AI tools generally work alongside your existing EHR rather than replacing it. Most clinical AI products are designed to read from and write to systems like Epic, Cerner, or Athena through standard APIs and HL7 FHIR interfaces. Replacement is rare and usually makes sense only when the underlying EHR is near the end of its life. Glorium Technologies typically starts by mapping the existing data flows and integration points, then layers AI capabilities on top without disrupting the record of truth.
Four things matter more than general tech skill. First, direct healthcare domain experience, including HIPAA, ISO 13485, and ideally FDA pathway familiarity. Second, deep EHR integration capability, especially Epic and HL7 FHIR. Third, a track record of moving projects from discovery through compliance validation to production. Fourth, a discovery-first methodology that avoids building into an unclear scope. Ask for case studies, specific regulatory experience, and examples of past clinical stakeholder engagement.
Yes. Glorium Technologies works with hospitals, clinics, startups, and enterprise health systems at every stage of AI maturity. For teams just starting out, the engagement usually begins with a short discovery phase to define the most impactful use cases, assess data readiness, and map out the regulatory obligations. Starting small with one clearly scoped use case, validating results, and then expanding is the pattern that produces the most predictable ROI.

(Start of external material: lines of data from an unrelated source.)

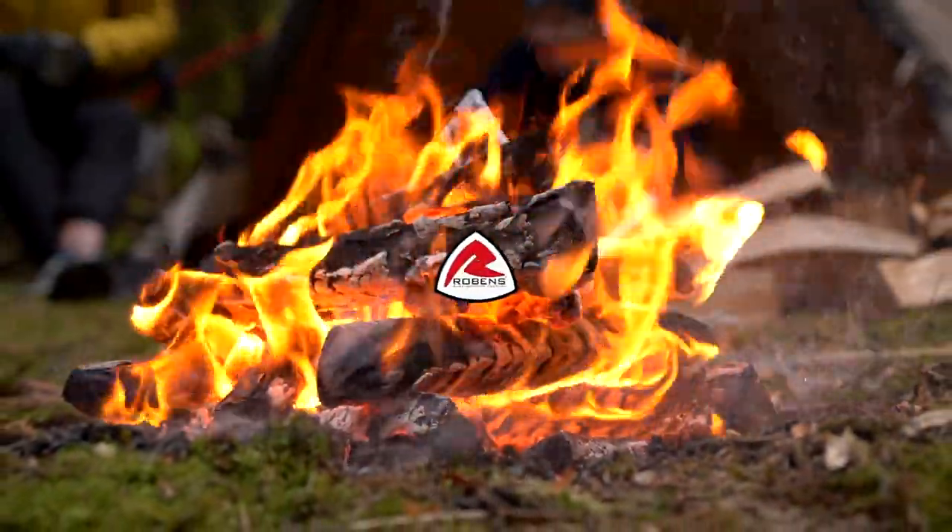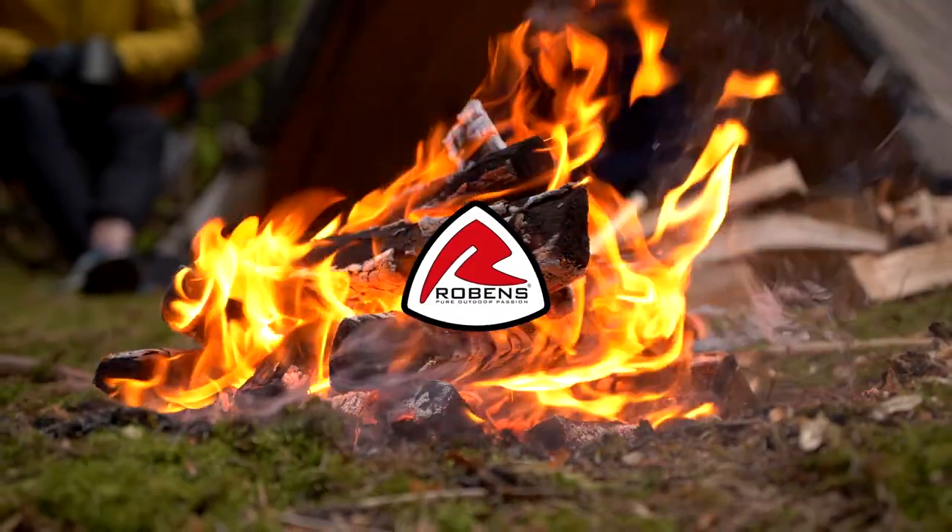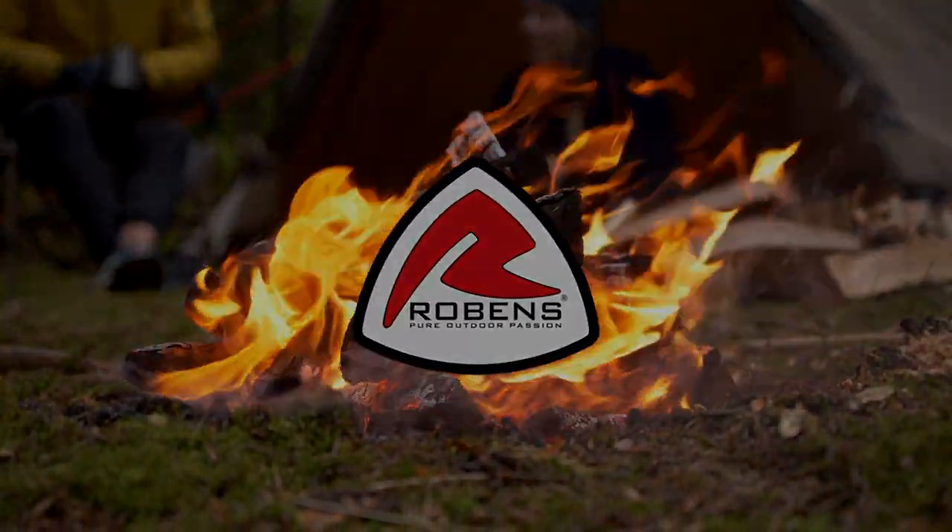Thank you so much for watching. Now go check out our TC Adventure range for more tents at Robins.de. See you next time!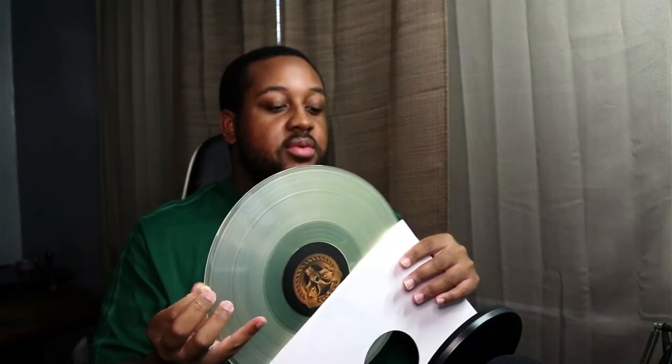It didn't come with an insert, no codes or anything like that for a free download. Just the two discs and the actual cover, so that's about it. This is like a clear, milky clear, almost — it's kind of like my Gaga vinyl that I got for Chromatica. And it's crazy because I literally have one on the Ivy Park shirt, and this was not planned. This is great. This is amazing.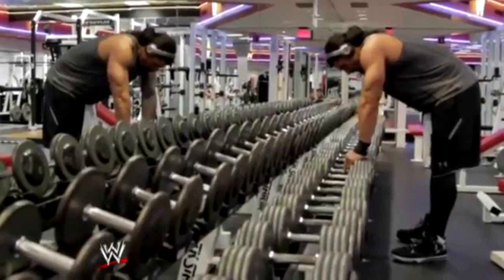Day 6: After an exhausting five days of intense workout, Reigns keeps his last day relatively light. He starts the day by jogging followed by a set of cardio exercises. The rest of his workout is a superset of abs, biceps and triceps exercises.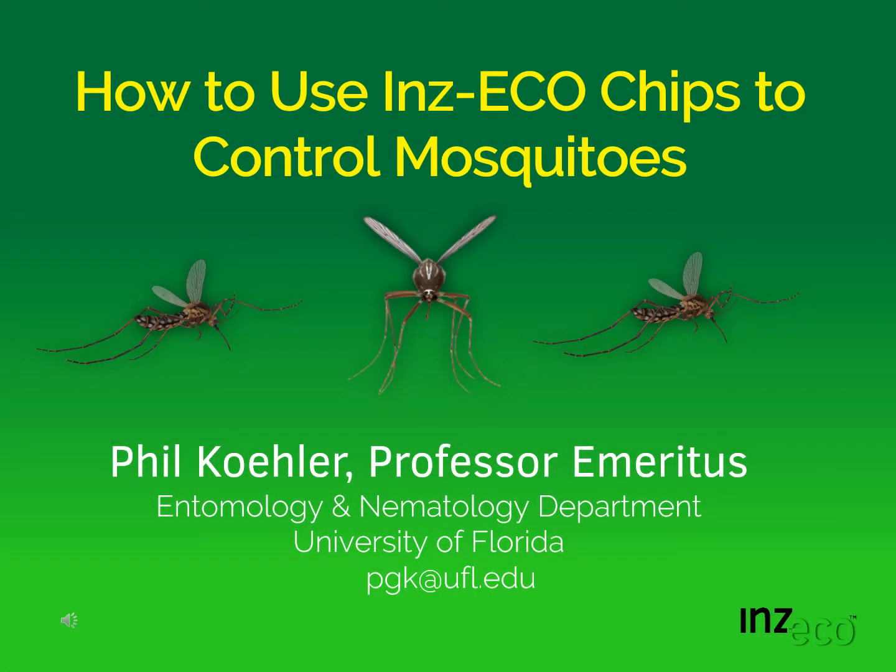Let's talk about how to use Inzeko chips to control mosquitoes. My name is Phil Kaler, Professor Emeritus in the Entomology Department at the University of Florida. I am also one of the inventors of Inzeko chips.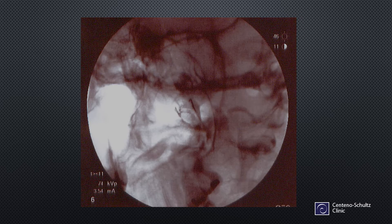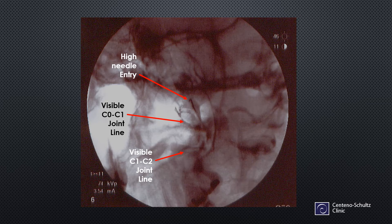Here we see a needle entering, and we can start to identify a few things. Down here is the visible C1C2 joint line. Right there is the visible C0C1 joint line, which is the bottom of the cup. And you can see a very high needle entry right there, which is basically where the Centeno technique goes in. It's a very reliable place to get into this joint and demonstrate contrast flow intra-articular.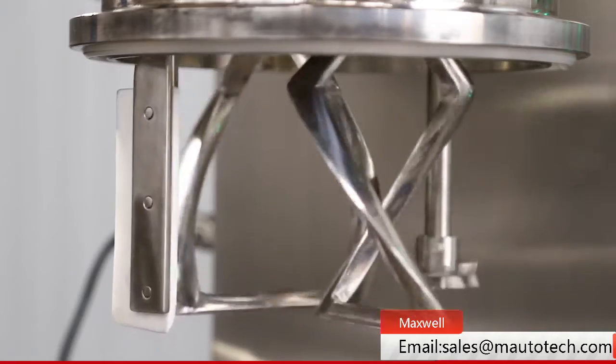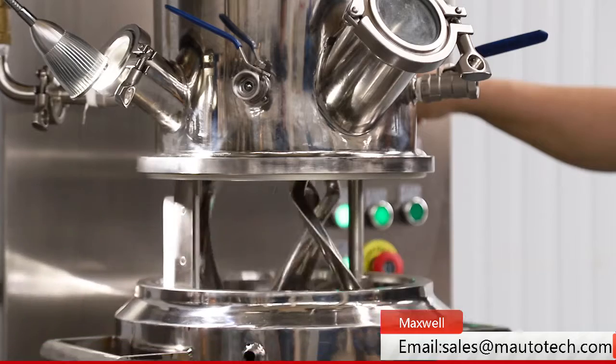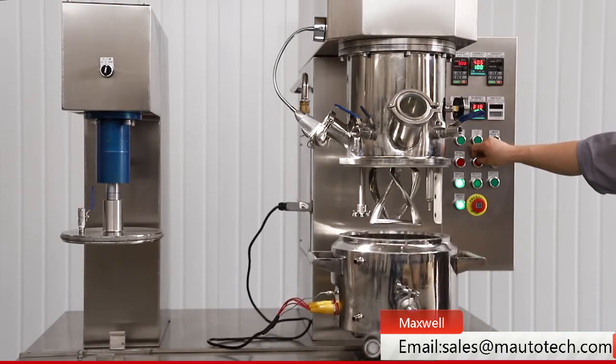The machine has one extruder on the same platform. With it, product can be extruded out from the tank outlet. This machine is the best choice for laboratory operators.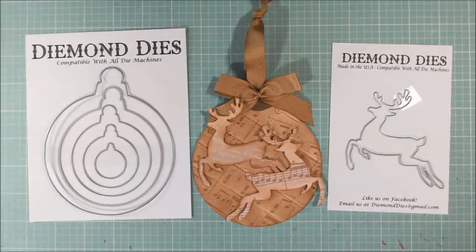Hey everyone, it's Christina of Crafty Paws. I bet you guys weren't expecting to see me so soon — I wasn't expecting to post a video — but I received today the latest Diamond Dyes release and I knew I wanted to come on and share it with you guys right away. It is just fabulous. I totally fell in love with it.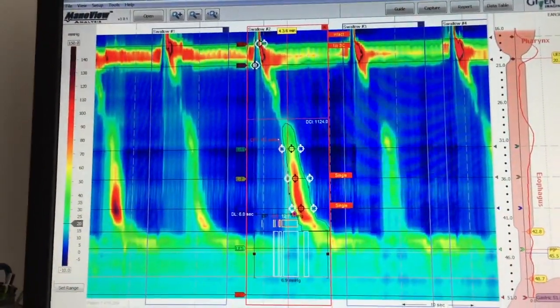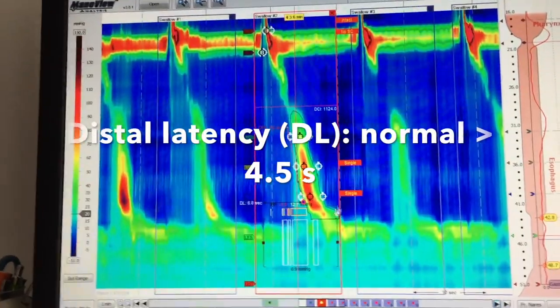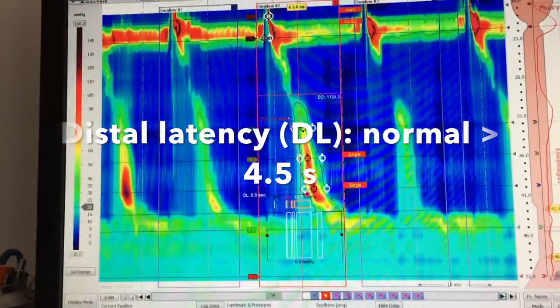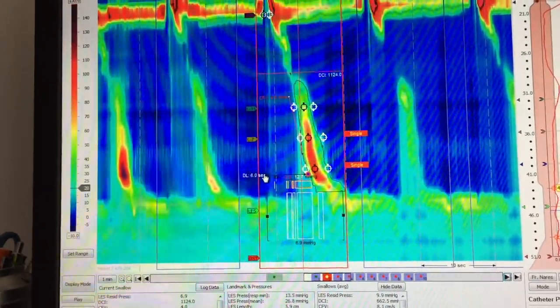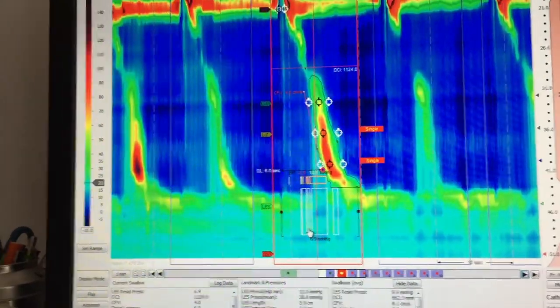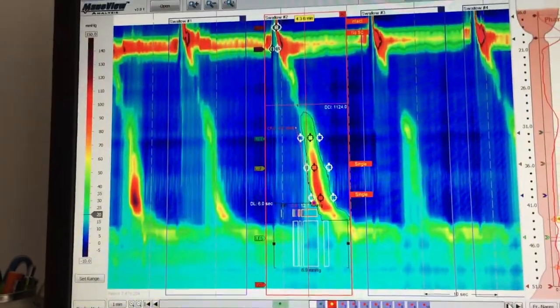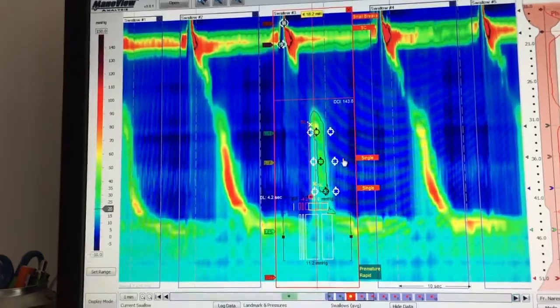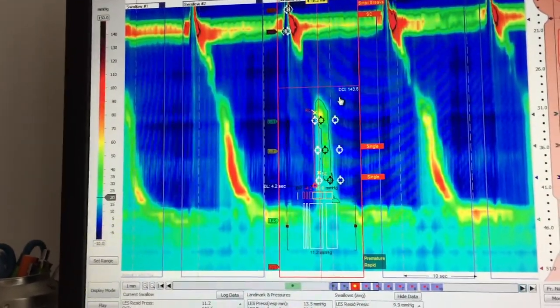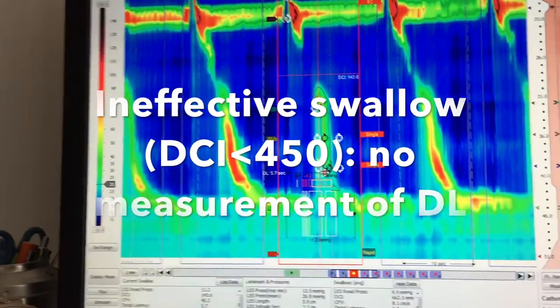I will go to the next one. Normal DCI, normal distal latency. The distal latency is measured between the opening of the upper esophageal sphincter and the CDP, which is here. The distal latency is normal, as well as the IRP — so we have a normal swallow. I move to the next one. Here the DCI is low, so we have an ineffective swallow. In the case of an ineffective swallow, we do not measure the distal latency.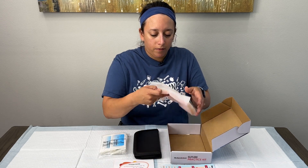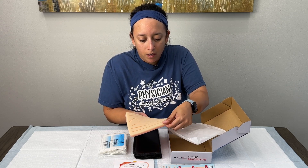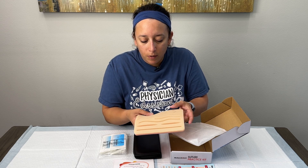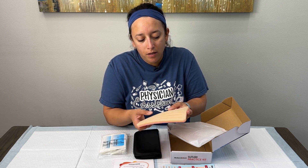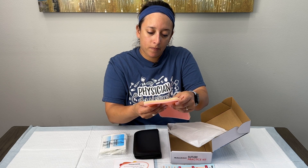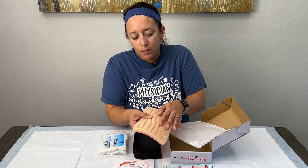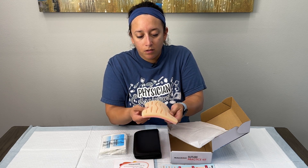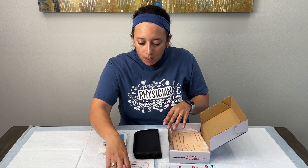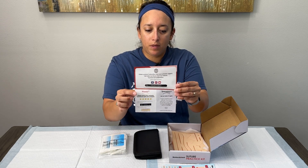First off, we have a silicone pad, and this silicone pad has several different pre-cut lacerations of different sizes. It has some that you can practice corner stitching, some smaller ones that are a little more gapy, and certain triangular wounds. It really is a nice array of lacerations to repair. When you look inside, it doesn't necessarily delineate the epidermis and dermal layers, but it does look like a solid silicone pad.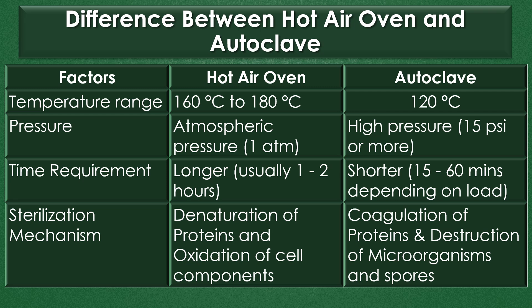Pressure: The hot air oven requires normal atmospheric pressure, but an autoclave requires high pressure ranging from 15 psi or more. The time requirement for sterilization using the hot air oven is longer, usually one to two hours, but the time requirement for autoclave sterilization is shorter, requiring 15 to 60 minutes depending on the load.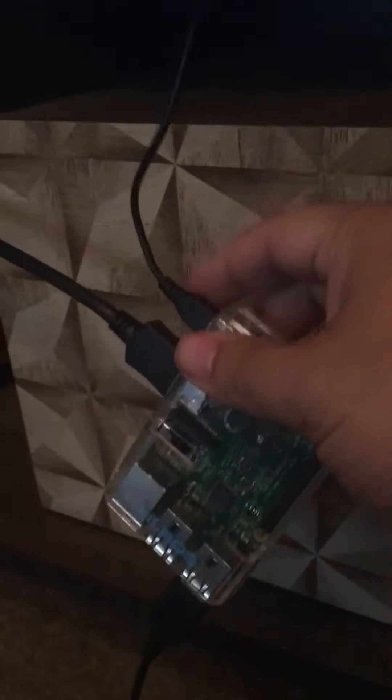I got the Vita plugged in here — that's the USB to the Vita, that's the HDMI to the TV, and that is a micro USB to the back of my TV that goes into a USB port that powers the Pi — all for $20.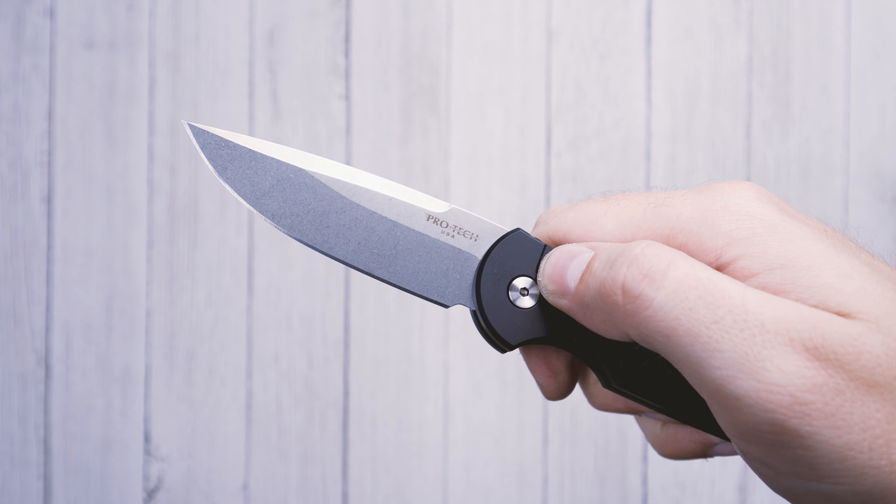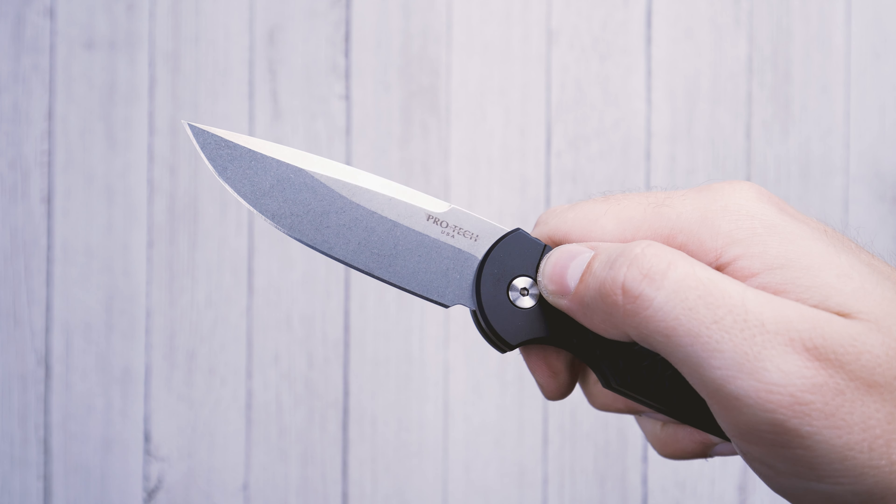The TR3 has a push-button opening action, and it features a steel pocket clip that is set up for right-hand carry.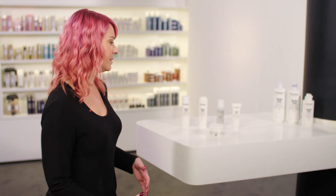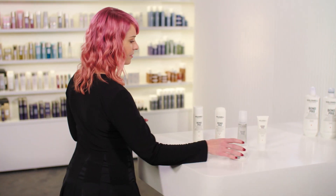Hi guys, I'm here to talk to you today about the new DualSenses Bond Pro 60 Second Treatment. It's a fortifying treatment that protects the hair fibers up to 100% in just 60 seconds.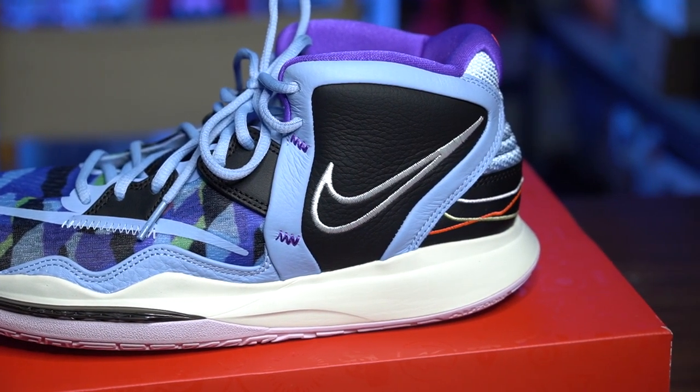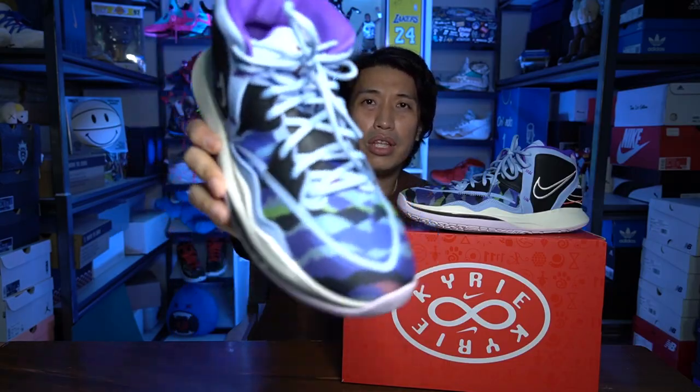Now let's go to the sneaker. I'm giving you my honest opinion — the first time I saw the Kyrie 8 or Kyrie Infinity, I wasn't too stoked about the design or aesthetics. But upon holding it right now, it's slowly growing on me. I still like the Kyrie 5 and 6 more, and Kyrie 7 was so-so. But the Kyrie 8 is growing on me. The actual sneaker looks more clean than the photo leaks, and on this blue camo colorway it looks pretty good. Kyrie signature sneakers usually produce lots of awesome colorways.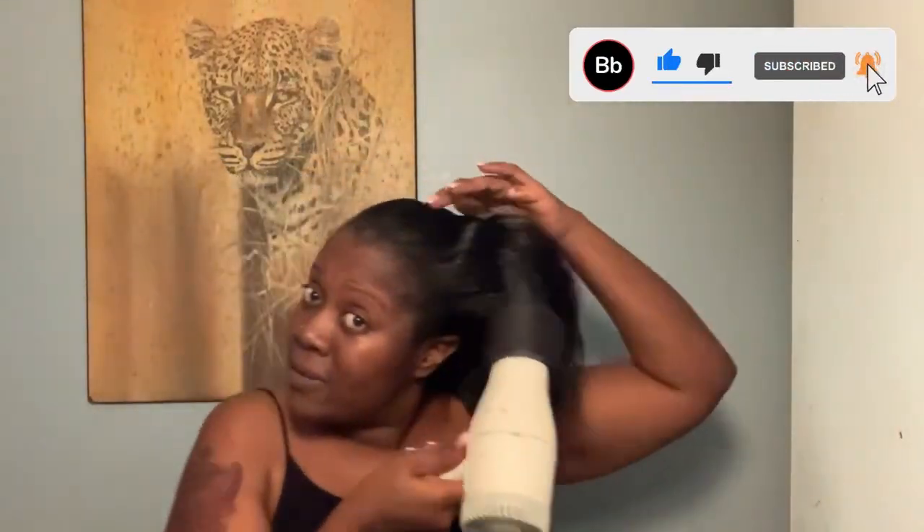Hey, welcome back to my channel. Today I'm showing you how I put in my clip-ins and how I moisturize my hair and scalp. I'm pretty silly in this video, so just stay tuned and enjoy. I'm also showing you my tattoo — it's pretty much healed right now. I'm just blowing out my hair to prepare it for the clip-ins.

Yes. Many clients prefer to start with a scoped proof of concept or MVP before committing to a full build. A proof of concept typically runs 4 to 8 weeks and validates the core technical approach, data flow, and user experience against real clinical requirements. If the PoC hits its success metrics, the same team can move directly into full development without losing context. Glorium Technologies has MVP development services and PoC development engagements structured for exactly this kind of progression.
Timelines depend on scope, compliance profile, and data readiness, but rough ranges are useful. A focused proof of concept for a single use case usually runs 6 to 12 weeks. A full MVP with EHR integration and production-grade compliance typically takes 4 to 9 months. Enterprise deployments spanning multiple workflows and departments can stretch to 12 to 18 months. The single largest variable is data quality. Projects that start with clean, well-governed clinical data move two to three times faster than those that begin with fragmented records and inconsistent coding.
Glorium Technologies helps healthcare organizations, digital health companies, and healthcare institutions move from AI innovation to practical AI integration. Our team supports projects across electronic health records, medical records, clinical documentation, revenue cycle management, claims processing, prior authorization, patient engagement, and care delivery. We can help design secure AI systems, connect AI tools with hospital systems, structure clinical data and medical data, and build workflows where human oversight remains part of decision-making. This approach helps healthcare providers improve efficiency, reduce administrative burdens, and use healthcare AI without compromising patient safety or care quality.
Glorium Technologies can help build healthcare AI solutions for clinical decision support, medical imaging workflows, utilization management, treatment planning, patient records analysis, clinical trials support, drug discovery platforms, and AI agents for administrative or clinical workflows. We also work with machine learning models, large language models, foundation models, and AI-native architecture for companies that need more than disconnected point solutions. The goal is to turn unstructured data and clinical data into actionable insights, support health professionals in clinical settings, and help improve patient outcomes, health outcomes, and medical outcomes across the healthcare value chain.